Formés sur un an, les élèves se destinent « aux métiers des outils connectés chez des constructeurs, des concessionnaires ou des Cuma tout en étant capables de prendre en compte les transitions agroécologiques », souligne Patrice Sauvage, également référent pour le plan « Enseigner à produire autrement » (EAP).

Rénover les formations

Depuis 2014, les plans pluriannuels EAP se déclinent à l’échelle des centres de formation à l’aide d’une centaine de référents basés dans les établissements. Ils visent à engager une dynamique autour de l’agroécologie dans l’enseignement agricole. Des actions que le ministère de l’Agriculture compte approfondir.

En décembre dernier, Marc Fesneau a présenté le pacte d’orientation pour le renouvellement des générations en agriculture. L’un des quatre grands axes s’attarde sur l’arrivée d’une nouvelle génération d’agriculteurs compétents sur la transition écologique et climatique. La mesure 7 appelle à favoriser, au sein des établissements agricoles, la mise en œuvre « des politiques de renouvellement et de transitions » et à renforcer le plan « EAP ».

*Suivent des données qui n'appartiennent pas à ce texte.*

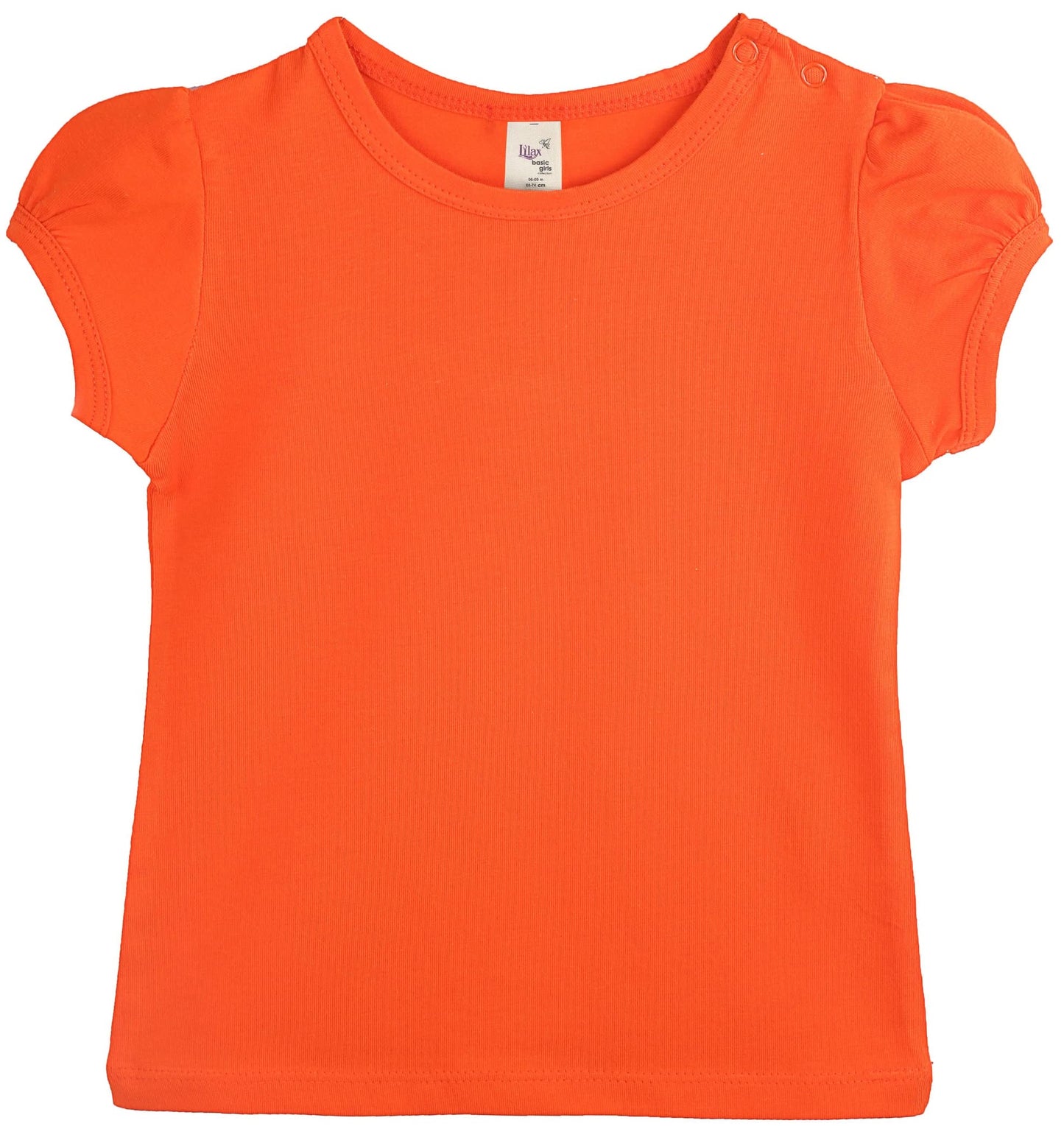 Lilax Baby Girls' Basic Short Puff Sleeve Round Neck T-Shirt 12-18 Months, Orange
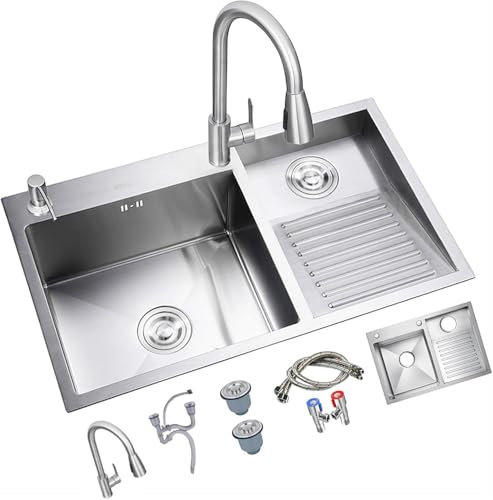 Wrobelax Doppelwaschbecken für Badezimmer, Haushalts-Edelstahl-Waschtisch, Waschbecken mit Waschbrett, ausziehbarer Wasserhahn, leicht zu reinigen (Größe: 80 x 48 x 22 cm, Farbe: rechts)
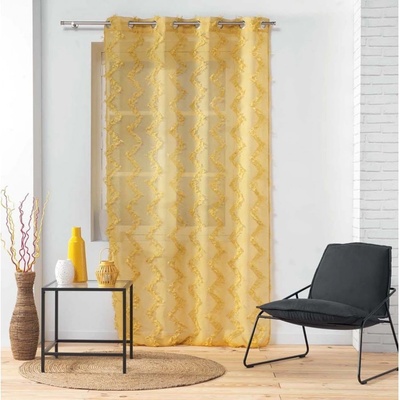 Horčicová záclona so strapčekovým cik-cak vzorom žltá Šírka 140 cm | Dĺžka 280 cm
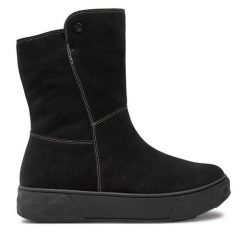 Botki Caprice. Czarne botki damskie Caprice, bez wzorów, bez obcasa, na płaskiej podeszwie, bez zapięcia. Za 599.99 zł.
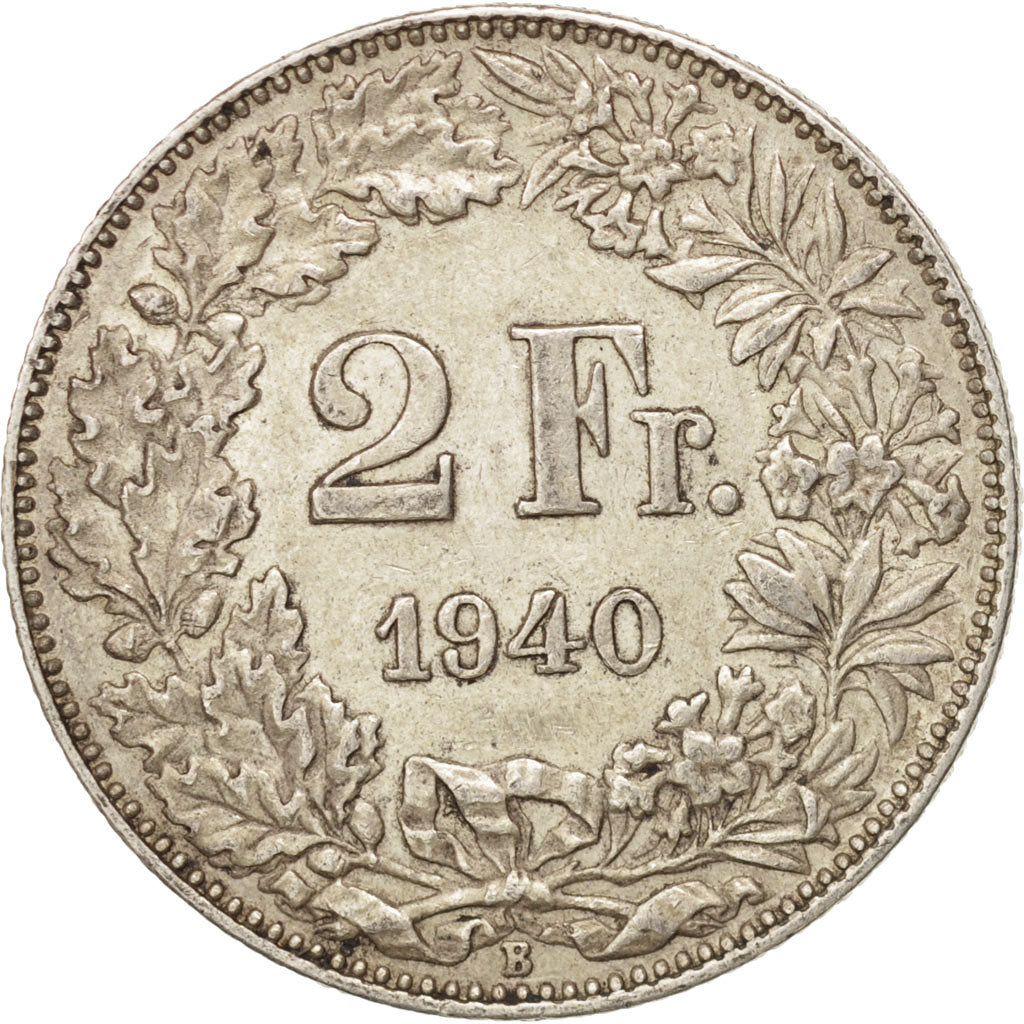 Switzerland, 2 Francs, 1940, Bern, EF(40-45), Silver, KM:21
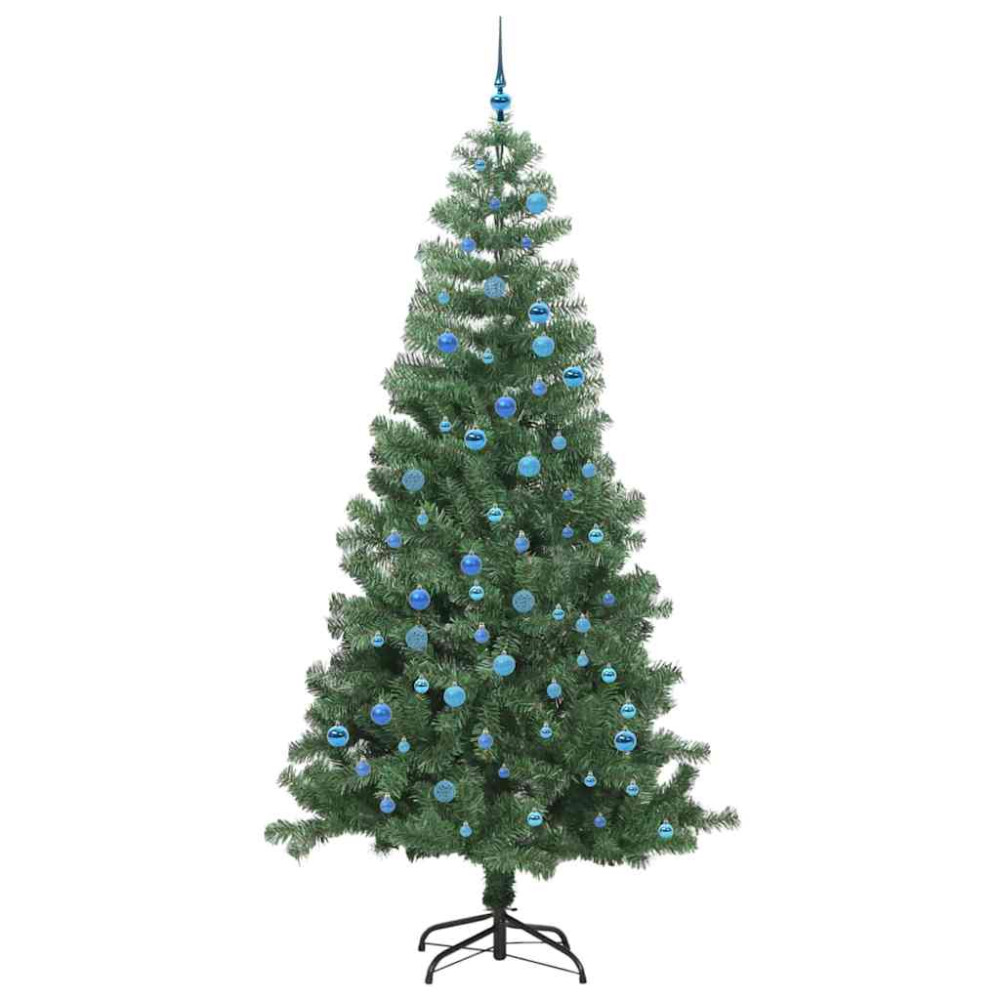 Produktbild för Julgran med 300 LED-lampor med stativ Grön 240 cm PVC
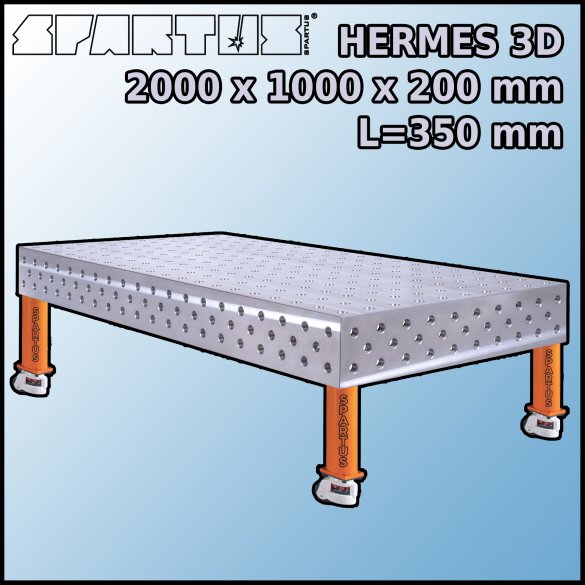 Stół Spawalniczy Hermes 3D 2000x1000x200 mm L=350 Kółka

D’ici à la fin de cette année, la mesure 8 prévoit de rénover la totalité des référentiels de formation initiale en intégrant les enjeux de transition agroécologique. Un conseil scientifique et technique sera sollicité lors de cette rénovation. Au travers de la mesure 9, le gouvernement prévoit enfin de mobiliser près d’un millier d’experts chargés de répondre aux besoins des équipes éducatives dans certains domaines (atténuation du changement climatique, robotique agricole, autonomie protéique, sélection variétale, hydraulique, etc.).

Salarié et salarier

Mais outre les aspects environnementaux, l’agriculteur de demain doit aussi apprendre à devenir un chef d’équipe ou même un futur salarié. Le dernier recensement agricole révèle qu’entre 2010 et 2020, l’emploi des salariés permanents non familiaux a augmenté de 9 % pour atteindre 139 000 ETP (équivalent temps plein). La participation des actifs familiaux chute à 54 000 ETP en 2020, soit une diminution de 38 % en dix ans. Près d’une exploitation sur six externalise une partie de ses travaux.

À l’heure où le recours à cette main-d’œuvre extérieure est de plus en plus courant, les futurs chefs d’exploitation sont amenés à acquérir de nouvelles compétences liées à la gestion du personnel. C’est l’objet de la licence que propose l’IUT de Pontivy (Morbihan) depuis une quinzaine d’années. Les éventuels futurs salariés peuvent, quant à eux, se former sur différentes exploitations, découvrir une variété de systèmes de production, comme le fait Théo, apprenti pour le service de remplacement Elioreso.